企業の棚卸や販売実績のデータをもとに在庫の「健康診断」を行う。商品は1SKU単位で査定、リアルタイムで管理、価値を可視化する

 zaicobanの具体的な運用手順、利用法を次に説明する。

 まず企業から提供された棚卸や販売実績のデータをもとに「健康診断」を行う。検査項目は、在庫の健全性では「想定粗利率」「商品廃棄率」、効率性では「在庫回転数」「交叉比率」、正確性では「棚卸差異発生率」といった指標のもと、それぞれの状態によりA~Dの判定のほか、コメントや対処法がわかる。オークファンはヤフオクやアマゾンなど、ネットとリアル双方の商品の実売データベースを保有、それをもとに在庫の価値を可視化できる点が特徴だ。

 判定をもとに自社店舗で値引き販売する、ネットで処分したほうがよいなど、在庫への適切な対処法もわかる。いずれも商品をSKU単位で査定、リアルタイムで管理、価値を可視化しているのが強みだ。

 ユニークなのは「販売活動」にある「値付け適正度」や「販路適正度」といった項目。前述の項目と同様に「値下げすべき商品数割合」「値上げすべき商品数割合」を表示、さらに評価判定が出る。

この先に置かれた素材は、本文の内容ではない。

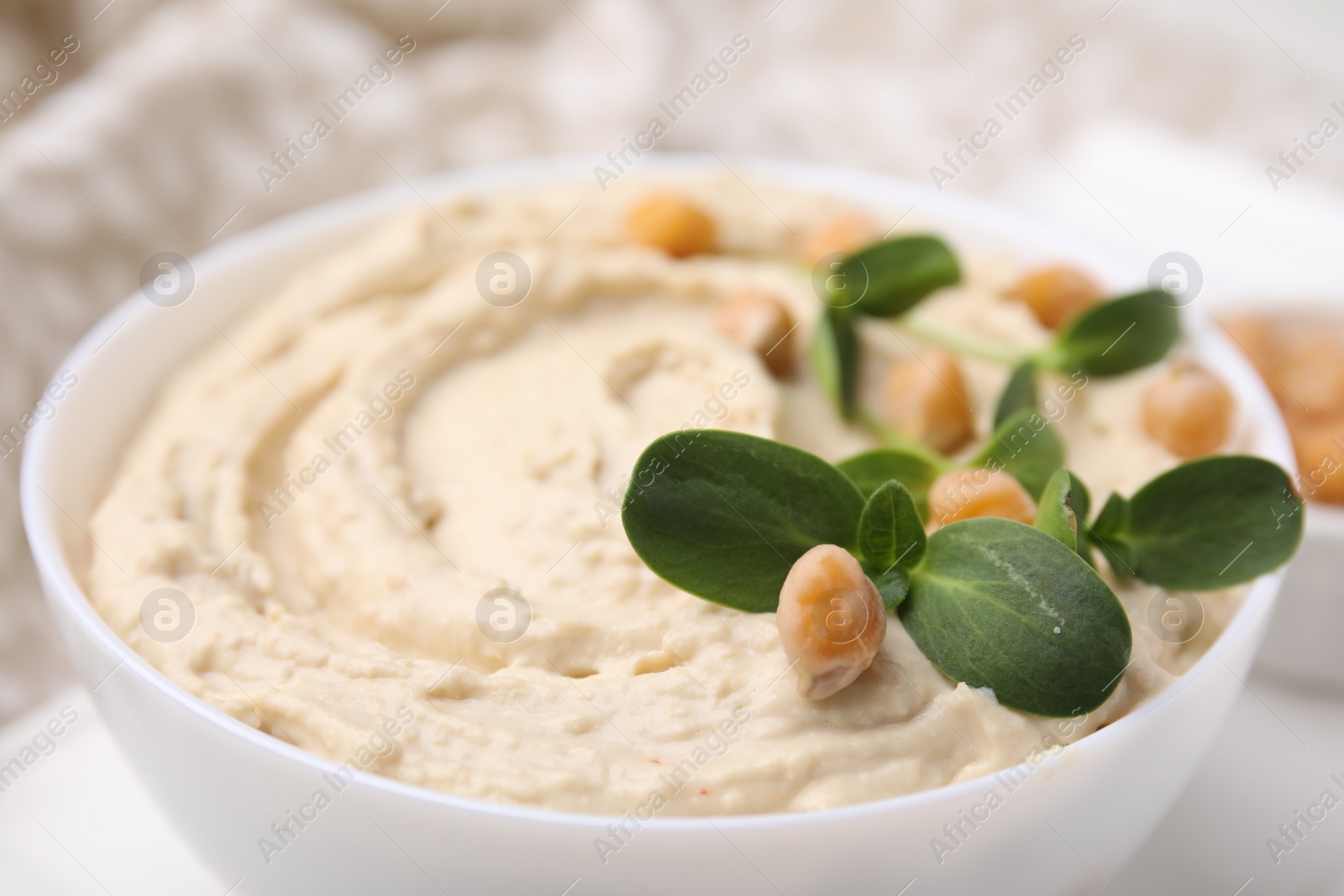 Photo of Bowl of delicious hummus with chickpeas, closeup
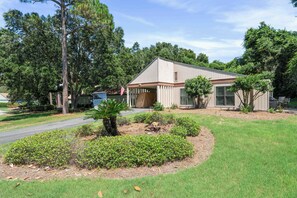 A single-story house with a front porch, surrounded by a well-maintained lawn and trees. - 546 Augusta Drive-4 Seat Golf Cart, Beach Access, Resort Pool, Golf Course! (Miramar Beach)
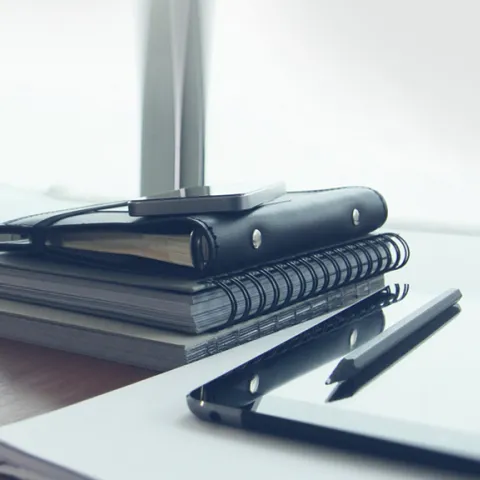 Office workplace with laptop and  smart phone on wood table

 つまり商品の市場で売買されている相場と比べ、さらに値下げ、もしくは値上げしたほうがよいかを判断する材料としても使えるわけだ。

 「導入企業の例では、ある店舗で売られていた商品はアマゾンよりも安い価格がつけられていた。立地は比較的競争が緩やかな郊外で、本来なら、もっと高い値段をつけても売れる。このようにzaicobanを使えば、適正な価格を設定することができる」(田島氏)

 これらを通じ、在庫回転率と粗利益率の両方を上げることが可能になるという。在庫の規模や状態にもよるが、滞留傾向商品の値下げや、専門業者への処分販売により、在庫回転率は20~40%、価格弾力性の低い商品の値上げや品揃えの見直しで、粗利益率は0.5~3ptの改善が期待できるという。

 競争が激化するなか、他社とは異なる商品で差別化を図ろうとする企業は多い。その中、今回、オークファンがリリースしたzaicobanを効果的に使用すれば、リスクを最低限に抑えながら、思い切った品揃えにもチャレンジできるようになるかも知れない。